*Assigned task*
Please copy out the entries below exactly, beginning with the line that contains "Hotel Baraquda Pattaya_Pool Bar.jpg" and ending with the line that contains "Kate Middleton scende", and include nothing outside that span.

*****

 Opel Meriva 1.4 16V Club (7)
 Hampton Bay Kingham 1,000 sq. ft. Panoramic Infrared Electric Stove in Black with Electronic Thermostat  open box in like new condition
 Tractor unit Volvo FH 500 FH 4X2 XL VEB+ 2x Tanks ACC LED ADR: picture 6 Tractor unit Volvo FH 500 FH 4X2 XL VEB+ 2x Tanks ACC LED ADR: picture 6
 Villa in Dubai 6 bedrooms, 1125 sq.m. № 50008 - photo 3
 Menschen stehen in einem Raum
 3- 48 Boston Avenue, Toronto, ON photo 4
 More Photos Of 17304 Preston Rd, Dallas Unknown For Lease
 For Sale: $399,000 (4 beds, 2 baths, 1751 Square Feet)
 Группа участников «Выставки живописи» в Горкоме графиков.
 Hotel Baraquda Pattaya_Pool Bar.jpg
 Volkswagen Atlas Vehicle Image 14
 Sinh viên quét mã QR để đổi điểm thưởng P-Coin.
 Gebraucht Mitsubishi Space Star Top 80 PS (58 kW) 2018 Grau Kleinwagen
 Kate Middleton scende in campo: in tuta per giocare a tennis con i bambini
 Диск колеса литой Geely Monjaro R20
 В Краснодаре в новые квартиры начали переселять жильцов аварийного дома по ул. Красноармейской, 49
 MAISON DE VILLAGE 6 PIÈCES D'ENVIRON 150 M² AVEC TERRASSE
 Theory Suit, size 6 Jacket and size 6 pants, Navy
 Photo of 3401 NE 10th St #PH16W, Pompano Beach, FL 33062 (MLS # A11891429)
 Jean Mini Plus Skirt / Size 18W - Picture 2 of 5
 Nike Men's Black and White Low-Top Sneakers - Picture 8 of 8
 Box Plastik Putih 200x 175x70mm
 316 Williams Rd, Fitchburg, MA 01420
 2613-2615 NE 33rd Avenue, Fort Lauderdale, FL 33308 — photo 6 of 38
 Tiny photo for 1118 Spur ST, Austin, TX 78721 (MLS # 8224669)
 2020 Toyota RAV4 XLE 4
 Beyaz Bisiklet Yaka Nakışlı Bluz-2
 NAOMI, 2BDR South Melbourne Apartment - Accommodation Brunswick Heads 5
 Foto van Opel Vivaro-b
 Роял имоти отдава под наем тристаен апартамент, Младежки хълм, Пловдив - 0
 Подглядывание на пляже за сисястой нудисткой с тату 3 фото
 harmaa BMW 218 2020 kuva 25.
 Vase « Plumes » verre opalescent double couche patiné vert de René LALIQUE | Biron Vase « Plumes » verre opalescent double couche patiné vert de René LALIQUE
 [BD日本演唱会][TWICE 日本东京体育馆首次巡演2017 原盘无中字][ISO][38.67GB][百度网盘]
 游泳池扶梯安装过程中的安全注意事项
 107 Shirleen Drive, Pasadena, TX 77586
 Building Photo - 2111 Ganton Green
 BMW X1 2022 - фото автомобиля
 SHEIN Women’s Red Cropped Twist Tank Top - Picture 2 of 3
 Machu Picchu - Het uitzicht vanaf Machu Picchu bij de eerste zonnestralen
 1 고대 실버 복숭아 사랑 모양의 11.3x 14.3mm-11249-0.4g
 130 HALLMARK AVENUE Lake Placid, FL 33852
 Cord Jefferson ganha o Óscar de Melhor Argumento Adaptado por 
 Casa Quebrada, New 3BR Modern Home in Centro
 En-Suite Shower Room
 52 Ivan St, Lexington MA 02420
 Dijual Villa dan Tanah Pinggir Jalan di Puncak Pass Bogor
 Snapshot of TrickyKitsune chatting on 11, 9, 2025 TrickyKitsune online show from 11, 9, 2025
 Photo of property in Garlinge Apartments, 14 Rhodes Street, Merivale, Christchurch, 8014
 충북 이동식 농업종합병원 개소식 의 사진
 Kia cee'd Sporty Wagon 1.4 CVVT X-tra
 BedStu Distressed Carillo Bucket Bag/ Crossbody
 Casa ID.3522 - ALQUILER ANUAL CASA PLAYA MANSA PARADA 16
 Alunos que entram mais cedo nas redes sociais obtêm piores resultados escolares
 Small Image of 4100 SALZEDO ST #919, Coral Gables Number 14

*****

*Written reply*
 Hotel Baraquda Pattaya_Pool Bar.jpg
 Volkswagen Atlas Vehicle Image 14
 Sinh viên quét mã QR để đổi điểm thưởng P-Coin.
 Gebraucht Mitsubishi Space Star Top 80 PS (58 kW) 2018 Grau Kleinwagen
 Kate Middleton scende in campo: in tuta per giocare a tennis con i bambini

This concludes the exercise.